Maar in tegenstelling met Greenspan moeit Verplaetse zich wél met ongeveer alles. Eerste minister Jean-Luc Dehaene (CVP) laat zich dat welgevallen omdat hij mee de vruchten plukt van de tussenkomsten van Verplaetse. En Verplaetse weet drommels goed wie hem politiek de hand boven het hoofd houdt. De juiste machtsrelatie tussen beide heren bleek duidelijk tijdens de discussie over de aanstelling van een nieuwe directeur. Verplaetse schoof voor die functie Marcia De Wachter – zijn onbetwistbare beschermelinge binnen de NBB – naar voor. Maar dat was buiten Dehaene gerekend: de premier vindt dat De Wachter alleen kan worden benoemd als ook zijn beschermeling – Jan Smets – in de directeursstoel komt. En zo zal dus geschieden.

Een eerste minister kan naar eigen goeddunken omgaan met de bemoeizucht van een centraal bankier. Heel wat andere mensen, zowel binnen als buiten de Nationale Bank, kunnen dat niét. De jongste maanden regende het weer klachten – steeds informeel en uiteraard off the record – over despotisme en machtsmisbruik vanwege de gouverneur. De heilige koeien van Verplaetse daarbij zijn bekend: de Economische en Monetaire Unie(EMU) en de euro, de begrotingsdiscipline, de strakke loonpolitiek en uiteraard het beleid van de NBB zelf.
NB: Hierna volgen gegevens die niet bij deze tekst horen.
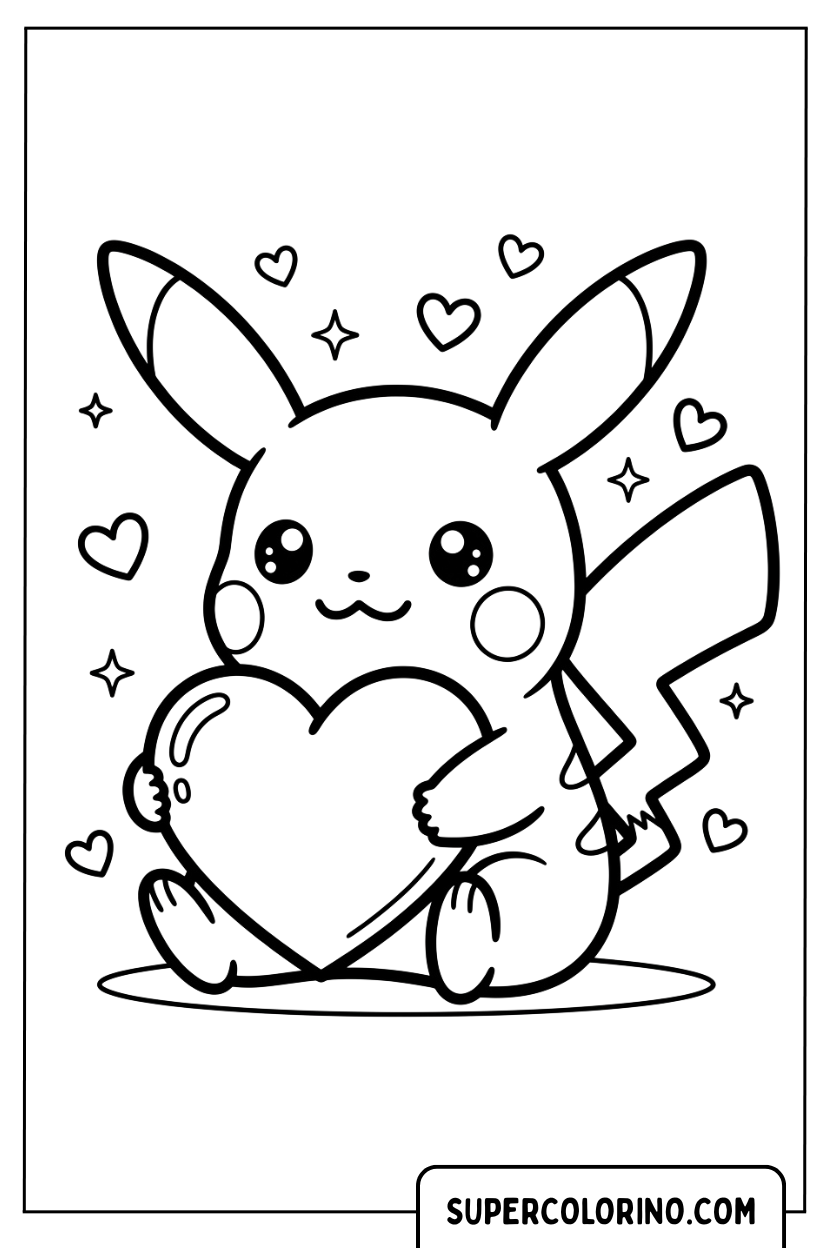 Disegni di Pikachu seduto che tiene un grande cuore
Zelfs subtiele kritiek op één van deze elementen is uitgesloten. Ofwel geeft de gouverneur, persoonlijk of via luitenant De Wachter, aan de betrokkene een fikse uitbrander, ofwel krijgt de werkgever van de betrokken persoon te horen dat deze of gene niet langer in de smaak valt van de gouverneur.

“Verplaetse moet zo snel mogelijk weg,” zo fluisteren steeds meer mensen die de gouverneur dagelijks aan het werk zien en hem een almaar onwaarschijnlijker en wereldvreemder gedrag zien tentoonspreiden. Zij getuigen van een vreemde man, die – méér dan welke academische econoom ook – gevangen zit in zijn ivoren toren. De gouverneur heeft zich zodanig gelaafd aan het elixir van de macht dat hij er blind en doof door is geworden. Verplaetse slaagt er niet langer in rekening te houden met anderen – laat staan met hun mening. Het is pijnlijk te moeten vaststellen dat velen zich nu al verkneukelen in het zwarte gat dat de man te wachten staat wanneer hij over enkele maanden zijn gouverneurszetel aan een ander zal moeten laten. Mensen die nu nog angstig in elkaar krimpen bij barse telefoontjes zullen dan immers lachend de telefoon kunnen inhaken nog voor de tirade begonnen is.